**Task to complete:**
From the first line to the last, set down the material exactly, leaving out its pictures.
# # #
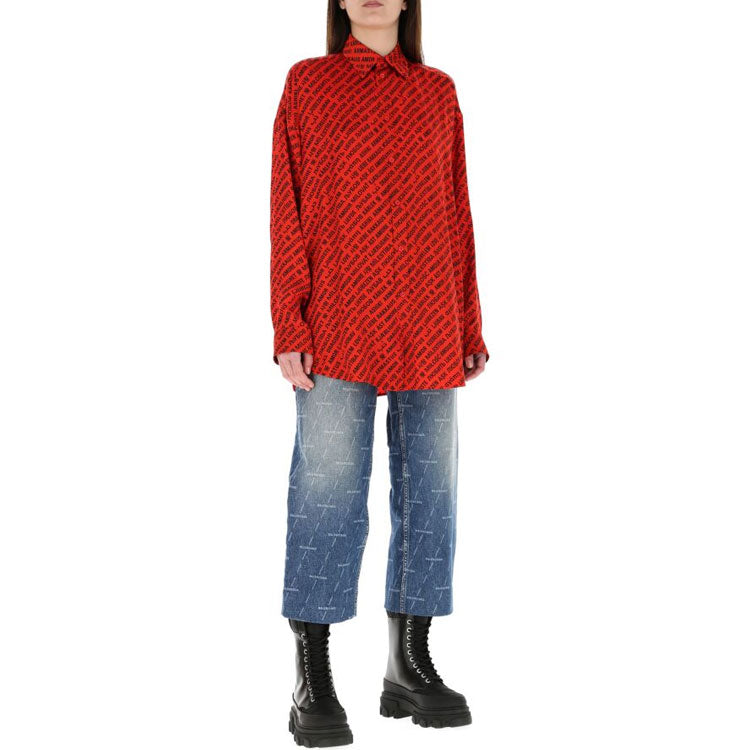 Balenciaga Logo Printing Long-Sleeved Shirt Red 623037TJLI16167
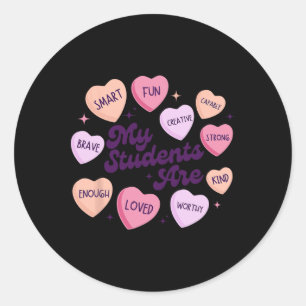 Teacher Positive Affirmations Valentijn Snoep Hear Ronde Sticker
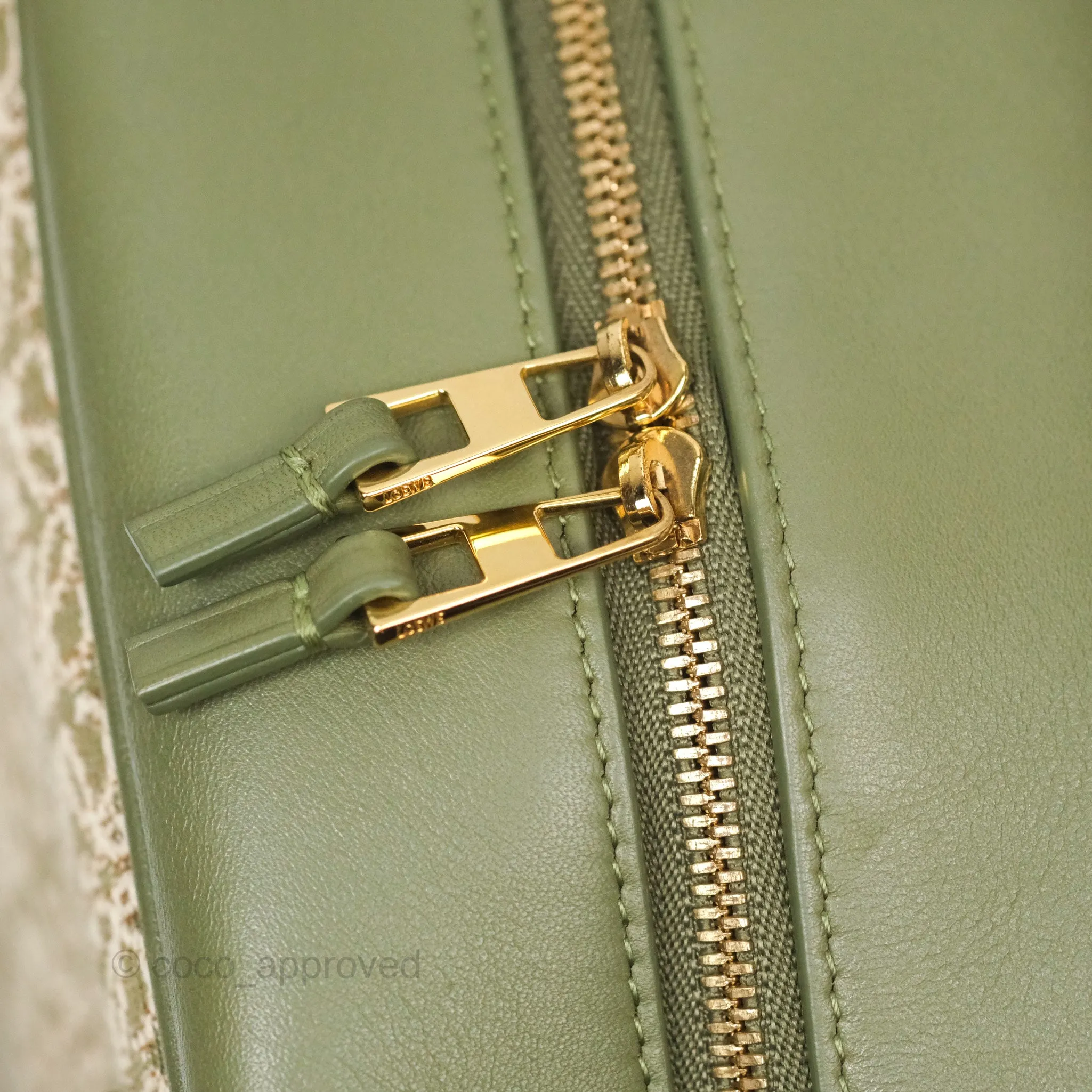 Loewe Amazona 19 Square Green/ Avocado Green in Anagram Jacquard and Calfskin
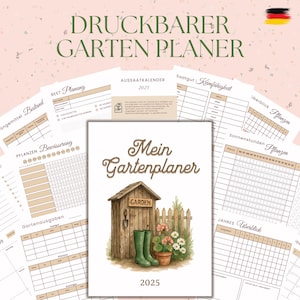 Garden Planner 2025 PDF Template | Self-Sufficiency Planner to Print | Vegetable Growing Calendar | Sowing Calendar | German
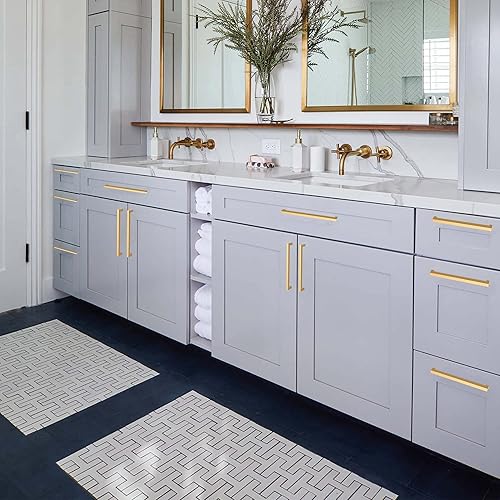 Miniatura 5 de Paquete de 20 tiradores de gabinete dorados dorados para cajones, paquete de 20 manijas de acero inoxidable de 6-14 pulgadas, manijas de gabinete de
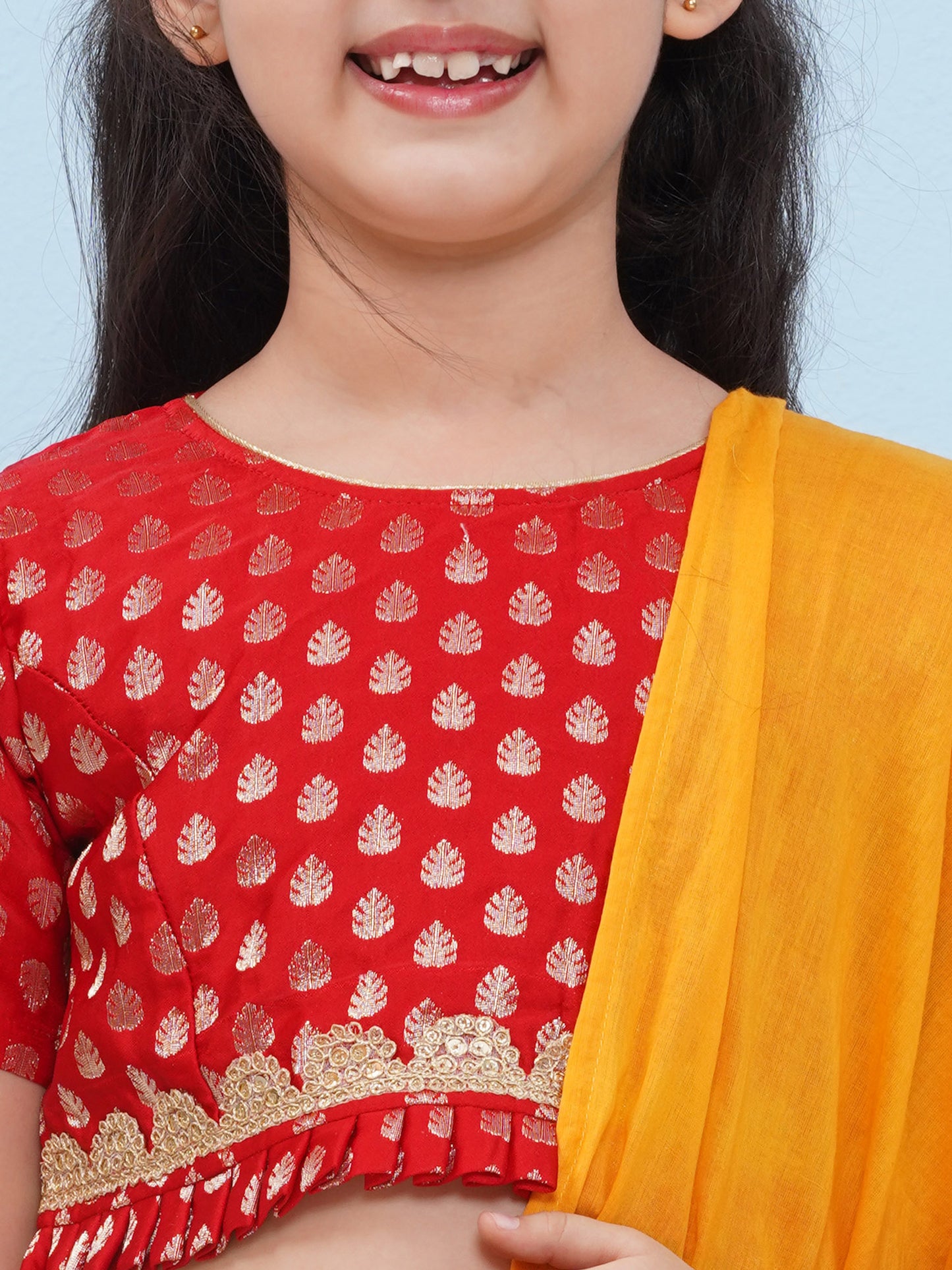 Aj Dezines Red Poly Chanderi Half Sleeves Motif Print Lehenga Choli For Girls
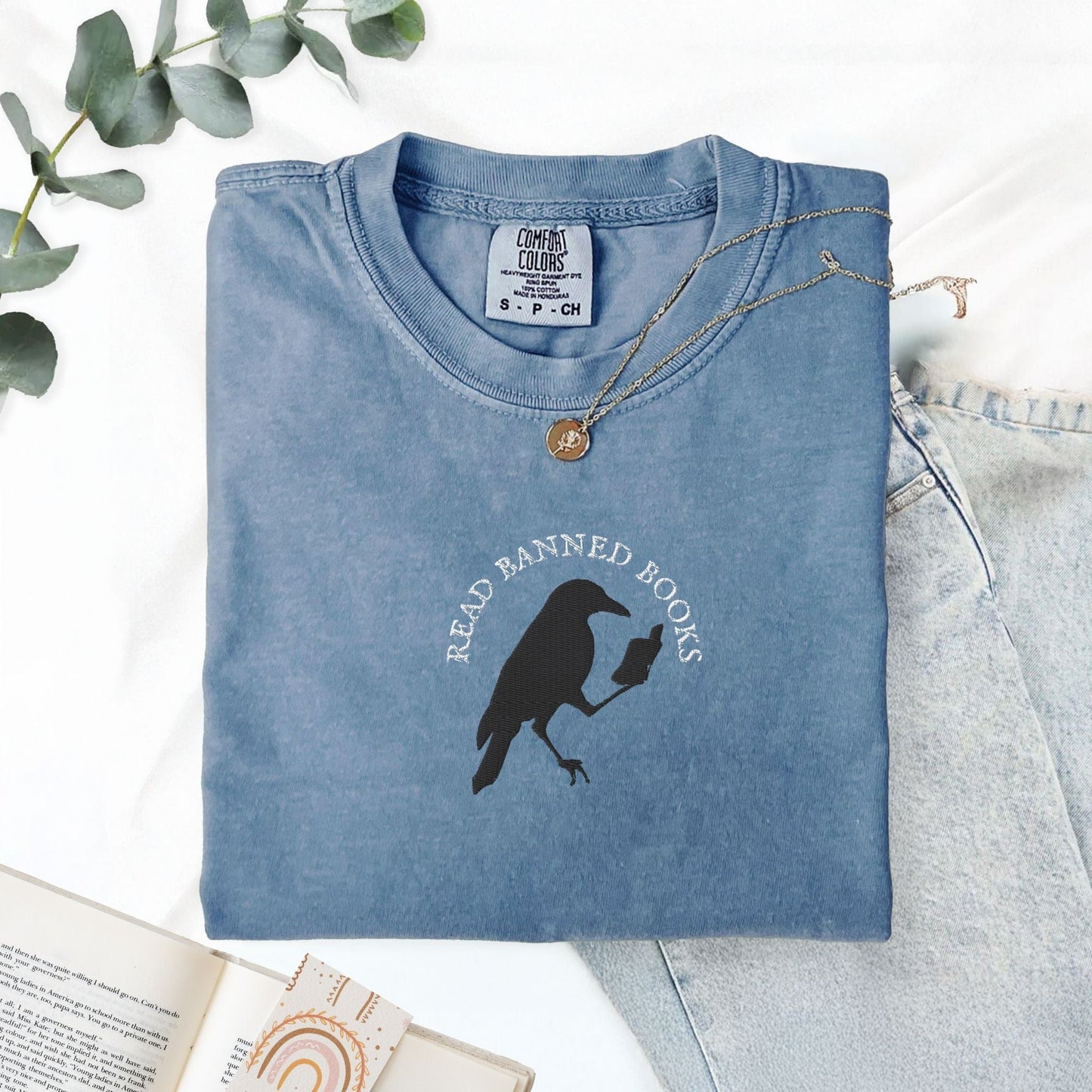 My Store Read Banned Books Edgar Allen Crow Embroidered T-Shirt Read Banned Books Edgar Allen Crow Embroidered T-Shirt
# # #
**Result of this exercise:**
 Balenciaga Logo Printing Long-Sleeved Shirt Red 623037TJLI16167
 Teacher Positive Affirmations Valentijn Snoep Hear Ronde Sticker
 Loewe Amazona 19 Square Green/ Avocado Green in Anagram Jacquard and Calfskin
 Garden Planner 2025 PDF Template | Self-Sufficiency Planner to Print | Vegetable Growing Calendar | Sowing Calendar | German
 Miniatura 5 de Paquete de 20 tiradores de gabinete dorados dorados para cajones, paquete de 20 manijas de acero inoxidable de 6-14 pulgadas, manijas de gabinete de
 Aj Dezines Red Poly Chanderi Half Sleeves Motif Print Lehenga Choli For Girls
 My Store Read Banned Books Edgar Allen Crow Embroidered T-Shirt Read Banned Books Edgar Allen Crow Embroidered T-Shirt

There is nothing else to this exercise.